[WHAT TO PRODUCE] Set down exactly the lines below between the line holding "May include: A" and the line holding "Filling plastic laundry", inclusive; no other line belongs in the answer.

== EXTRACTED MATERIAL ==

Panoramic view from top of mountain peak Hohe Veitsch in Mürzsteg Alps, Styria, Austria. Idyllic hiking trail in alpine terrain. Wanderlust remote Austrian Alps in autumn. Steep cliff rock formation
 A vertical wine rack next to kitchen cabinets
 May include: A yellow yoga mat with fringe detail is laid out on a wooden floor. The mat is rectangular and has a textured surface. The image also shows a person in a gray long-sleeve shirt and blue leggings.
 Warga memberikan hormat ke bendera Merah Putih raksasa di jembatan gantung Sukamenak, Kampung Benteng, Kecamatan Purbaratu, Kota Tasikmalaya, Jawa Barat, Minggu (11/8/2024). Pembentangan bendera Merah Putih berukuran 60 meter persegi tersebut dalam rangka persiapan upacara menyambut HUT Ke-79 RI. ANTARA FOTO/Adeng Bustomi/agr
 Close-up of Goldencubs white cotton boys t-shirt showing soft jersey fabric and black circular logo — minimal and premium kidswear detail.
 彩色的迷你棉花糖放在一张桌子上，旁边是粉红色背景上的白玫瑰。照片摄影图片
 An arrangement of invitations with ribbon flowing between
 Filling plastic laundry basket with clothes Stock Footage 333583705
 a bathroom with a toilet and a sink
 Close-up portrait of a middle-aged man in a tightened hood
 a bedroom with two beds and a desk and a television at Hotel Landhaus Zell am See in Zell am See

===

[EXERCISE ANSWER]
 May include: A yellow yoga mat with fringe detail is laid out on a wooden floor. The mat is rectangular and has a textured surface. The image also shows a person in a gray long-sleeve shirt and blue leggings.
 Warga memberikan hormat ke bendera Merah Putih raksasa di jembatan gantung Sukamenak, Kampung Benteng, Kecamatan Purbaratu, Kota Tasikmalaya, Jawa Barat, Minggu (11/8/2024). Pembentangan bendera Merah Putih berukuran 60 meter persegi tersebut dalam rangka persiapan upacara menyambut HUT Ke-79 RI. ANTARA FOTO/Adeng Bustomi/agr
 Close-up of Goldencubs white cotton boys t-shirt showing soft jersey fabric and black circular logo — minimal and premium kidswear detail.
 彩色的迷你棉花糖放在一张桌子上，旁边是粉红色背景上的白玫瑰。照片摄影图片
 An arrangement of invitations with ribbon flowing between
 Filling plastic laundry basket with clothes Stock Footage 333583705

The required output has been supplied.